教員からのメッセージ
萬歳 寛之 教授
国際法を専門とする法学者。同大学法学学術院教授。国際法学会理事。外務省 日EU関係賢人会合委員、日本台湾交流協会 日台若手研究者共同研究事業・国際法部門(座長)。2016年に安達峰一郎記念賞受賞。著書に「国際違法行為責任の研究」(成文堂)など。

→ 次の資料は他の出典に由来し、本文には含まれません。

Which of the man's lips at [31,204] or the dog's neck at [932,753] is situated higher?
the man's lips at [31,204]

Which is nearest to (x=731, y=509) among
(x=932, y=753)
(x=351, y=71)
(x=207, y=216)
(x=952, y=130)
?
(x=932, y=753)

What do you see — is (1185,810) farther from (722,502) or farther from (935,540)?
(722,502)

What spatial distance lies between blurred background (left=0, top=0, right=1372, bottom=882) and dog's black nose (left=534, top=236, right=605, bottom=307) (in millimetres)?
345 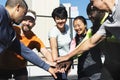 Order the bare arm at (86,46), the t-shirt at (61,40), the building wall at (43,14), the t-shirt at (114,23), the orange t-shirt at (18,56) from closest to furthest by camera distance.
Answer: the t-shirt at (114,23) → the bare arm at (86,46) → the orange t-shirt at (18,56) → the t-shirt at (61,40) → the building wall at (43,14)

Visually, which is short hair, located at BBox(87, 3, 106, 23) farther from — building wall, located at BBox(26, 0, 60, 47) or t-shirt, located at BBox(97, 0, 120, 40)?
building wall, located at BBox(26, 0, 60, 47)

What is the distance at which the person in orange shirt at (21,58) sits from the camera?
232 inches

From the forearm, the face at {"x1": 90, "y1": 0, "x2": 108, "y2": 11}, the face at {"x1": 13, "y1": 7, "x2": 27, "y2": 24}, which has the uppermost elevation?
the face at {"x1": 90, "y1": 0, "x2": 108, "y2": 11}

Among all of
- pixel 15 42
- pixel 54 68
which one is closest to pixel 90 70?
pixel 54 68

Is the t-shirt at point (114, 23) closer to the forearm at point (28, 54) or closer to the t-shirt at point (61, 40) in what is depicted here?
the forearm at point (28, 54)

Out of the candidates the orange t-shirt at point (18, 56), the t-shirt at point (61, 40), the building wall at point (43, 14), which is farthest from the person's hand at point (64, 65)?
the building wall at point (43, 14)

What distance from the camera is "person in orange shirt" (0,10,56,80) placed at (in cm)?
589

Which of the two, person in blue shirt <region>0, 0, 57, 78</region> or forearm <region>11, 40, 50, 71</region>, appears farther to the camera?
forearm <region>11, 40, 50, 71</region>

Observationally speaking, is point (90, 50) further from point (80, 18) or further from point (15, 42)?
point (15, 42)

主な担当科目:国際法、国際社会と法、主専攻法学演習(国際法)
その国の中で守られる国内法に対し、私が専門とする国際法は、簡単に言えば、国と国との間で取り決められた約束事になります。海外に楽しく旅行できるのも、他国からの侵略を意識せずに心穏やかに生活が送れているのも、国際法によって守られているからです。また、国際法は、「SDGs(持続可能な開発目標)」や「サプライチェーンにおける人権保護」などの社会課題に関わっているので、ビジネスの現場でも無視できません。こうして見ると国際法は、国際社会の未来を担う世界共通の羅針盤・インフラであることが良くわかります。特に国際法の場合、約束を破る行為そのものが、侵略戦争やテロ行為に象徴されるように、由々しき事態を招きやすい。普段はその重要性に目を向けられにくいですが、涙の数を一つでも減らして私たちが怯えず安心した暮らしを叶えるための枠組みを確保する。これは、国際法の大きな存在意義の一つです。
その一方で、法律が存在するということは、必ずその法を犯す人なり、国があることの証しでもあります。私たちの治安や生活を守るにはどうすればいいのか。これを突き詰めて考えることが、国際法ひいては法律を学ぶ醍醐味でもあります。
他国への侵攻や経済格差など、国際社会は混迷かつ複雑で、その安定は脆くはかない。だからこそ国際法を通して、現代の国際社会に吹いている風を理解して、さらに風の吹かせ方についても学ぶ。社会の荒波を乗りこなす上でとても意義のあることだと考えています。